This cellphone controlled audio mute switch is highly useful in automobiles. The circuit automatically disconnects power supply to the audio/video system whenever the mobile handset is lifted off the holder for making or receiving a call. You can use any readily available cellphone holder with some minor alterations or fabricate it yourself as shown in Fig. 1.
Cellphone controlled audio mute switch
The circuit is wired around IC LM555 (IC1), the CMOS version of timer NE555, as shown in Fig. 2. IC1 is used as a medium-current line driver with either an inverting or non-inverting output. It can sink (or source) current of up to 50 mA only, so take care while handling it. The audio/video system is connected to the circuit via normally opened (N/O) contacts of the relay.

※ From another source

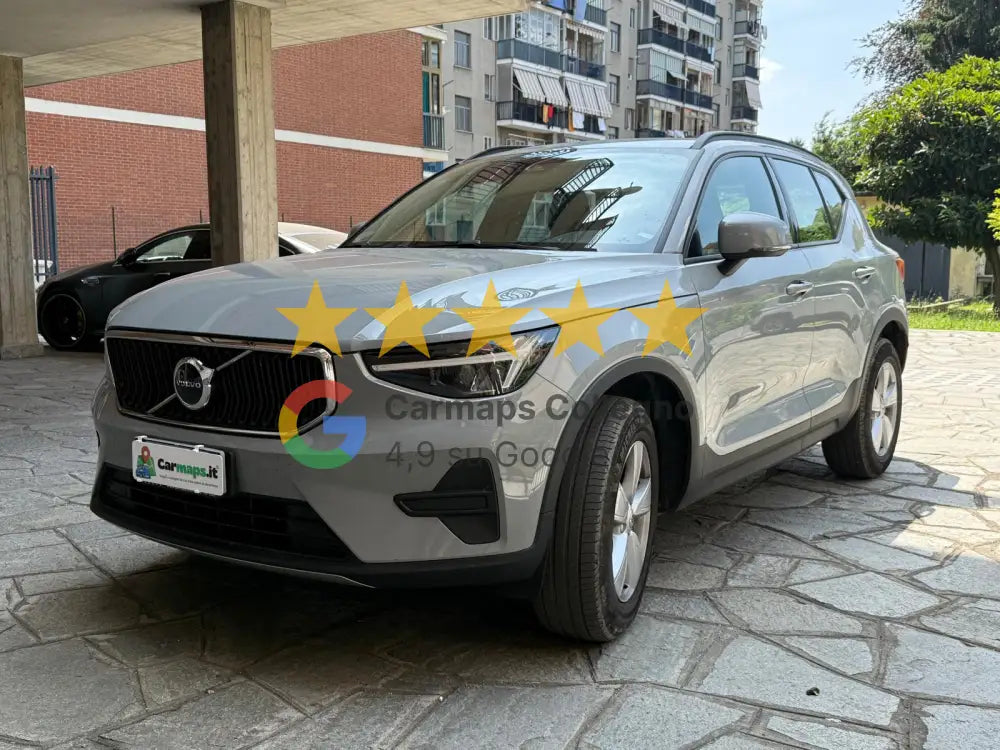 Volvo XC40 B3 automatico Plus Dark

When the cell phone is in its holder, LDR1 does not receive any light from white LED1 and its resistance is high. As a result, the voltage at pin 2 of IC1 remains high to provide a low output at pin 3. The low output of IC1 activates relay RL1 and the audio/video system gets power supply via its N/O contacts. LED3 glows to indicate that the audio/video system is ‘on.’When the handset is taken off the holder, light rays from LED1 fall on LDR1 and its resistance decreases. As a result, the voltage at pin 2 of IC1 decreases to provide a high output at its pin 3. The high output of IC1 deactivates relay RL1 and the audio/video system does not get power supply. LED2 glows to indicate that the audio/video system is ‘off.’
Preset VR1 is used to control the sensitivity of the circuit. Zener diode ZD1 is used for protecting white LED1 from the higher voltage. The circuit works off a 12V car battery. Switch S1 can be used to manually switch on/off the audio/video system.